◆ THE DATA:
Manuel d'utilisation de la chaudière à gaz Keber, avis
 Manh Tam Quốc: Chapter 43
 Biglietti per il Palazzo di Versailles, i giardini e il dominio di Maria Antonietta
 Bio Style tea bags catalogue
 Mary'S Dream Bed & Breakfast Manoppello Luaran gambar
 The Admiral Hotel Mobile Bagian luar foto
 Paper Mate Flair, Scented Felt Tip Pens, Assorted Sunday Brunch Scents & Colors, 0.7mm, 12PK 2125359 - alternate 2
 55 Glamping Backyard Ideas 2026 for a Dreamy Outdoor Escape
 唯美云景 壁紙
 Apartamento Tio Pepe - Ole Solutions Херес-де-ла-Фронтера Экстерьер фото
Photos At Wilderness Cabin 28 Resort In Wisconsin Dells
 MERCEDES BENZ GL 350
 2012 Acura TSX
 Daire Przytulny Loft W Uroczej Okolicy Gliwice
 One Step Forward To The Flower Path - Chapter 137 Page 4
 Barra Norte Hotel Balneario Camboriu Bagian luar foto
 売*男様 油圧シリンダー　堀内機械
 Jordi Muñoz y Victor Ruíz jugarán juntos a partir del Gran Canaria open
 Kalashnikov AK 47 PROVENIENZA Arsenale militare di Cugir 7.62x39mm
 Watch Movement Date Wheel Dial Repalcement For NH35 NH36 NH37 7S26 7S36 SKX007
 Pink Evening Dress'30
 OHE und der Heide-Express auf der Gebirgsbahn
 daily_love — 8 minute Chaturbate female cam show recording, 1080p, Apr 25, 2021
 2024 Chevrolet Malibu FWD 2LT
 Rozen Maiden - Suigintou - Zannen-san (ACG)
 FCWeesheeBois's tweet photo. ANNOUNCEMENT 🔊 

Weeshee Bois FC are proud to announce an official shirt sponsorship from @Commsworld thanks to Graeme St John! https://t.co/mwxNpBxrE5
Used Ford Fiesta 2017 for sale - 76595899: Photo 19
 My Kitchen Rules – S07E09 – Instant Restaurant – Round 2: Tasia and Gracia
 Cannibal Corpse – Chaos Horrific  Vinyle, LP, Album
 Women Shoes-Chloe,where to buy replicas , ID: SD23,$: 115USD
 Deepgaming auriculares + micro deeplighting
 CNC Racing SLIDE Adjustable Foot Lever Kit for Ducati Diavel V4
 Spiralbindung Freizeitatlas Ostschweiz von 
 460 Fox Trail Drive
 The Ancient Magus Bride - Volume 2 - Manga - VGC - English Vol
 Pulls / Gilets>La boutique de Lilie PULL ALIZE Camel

◆ PROBLEM TO WORK ON:
Write out all the material exactly, keeping each word.

◆ OUTPUT OF THE TASK:
Manuel d'utilisation de la chaudière à gaz Keber, avis
 Manh Tam Quốc: Chapter 43
 Biglietti per il Palazzo di Versailles, i giardini e il dominio di Maria Antonietta
 Bio Style tea bags catalogue
 Mary'S Dream Bed & Breakfast Manoppello Luaran gambar
 The Admiral Hotel Mobile Bagian luar foto
 Paper Mate Flair, Scented Felt Tip Pens, Assorted Sunday Brunch Scents & Colors, 0.7mm, 12PK 2125359 - alternate 2
 55 Glamping Backyard Ideas 2026 for a Dreamy Outdoor Escape
 唯美云景 壁紙
 Apartamento Tio Pepe - Ole Solutions Херес-де-ла-Фронтера Экстерьер фото
Photos At Wilderness Cabin 28 Resort In Wisconsin Dells
 MERCEDES BENZ GL 350
 2012 Acura TSX
 Daire Przytulny Loft W Uroczej Okolicy Gliwice
 One Step Forward To The Flower Path - Chapter 137 Page 4
 Barra Norte Hotel Balneario Camboriu Bagian luar foto
 売*男様 油圧シリンダー　堀内機械
 Jordi Muñoz y Victor Ruíz jugarán juntos a partir del Gran Canaria open
 Kalashnikov AK 47 PROVENIENZA Arsenale militare di Cugir 7.62x39mm
 Watch Movement Date Wheel Dial Repalcement For NH35 NH36 NH37 7S26 7S36 SKX007
 Pink Evening Dress'30
 OHE und der Heide-Express auf der Gebirgsbahn
 daily_love — 8 minute Chaturbate female cam show recording, 1080p, Apr 25, 2021
 2024 Chevrolet Malibu FWD 2LT
 Rozen Maiden - Suigintou - Zannen-san (ACG)
 FCWeesheeBois's tweet photo. ANNOUNCEMENT 🔊 

Weeshee Bois FC are proud to announce an official shirt sponsorship from @Commsworld thanks to Graeme St John! https://t.co/mwxNpBxrE5
Used Ford Fiesta 2017 for sale - 76595899: Photo 19
 My Kitchen Rules – S07E09 – Instant Restaurant – Round 2: Tasia and Gracia
 Cannibal Corpse – Chaos Horrific  Vinyle, LP, Album
 Women Shoes-Chloe,where to buy replicas , ID: SD23,$: 115USD
 Deepgaming auriculares + micro deeplighting
 CNC Racing SLIDE Adjustable Foot Lever Kit for Ducati Diavel V4
 Spiralbindung Freizeitatlas Ostschweiz von 
 460 Fox Trail Drive
 The Ancient Magus Bride - Volume 2 - Manga - VGC - English Vol
 Pulls / Gilets>La boutique de Lilie PULL ALIZE Camel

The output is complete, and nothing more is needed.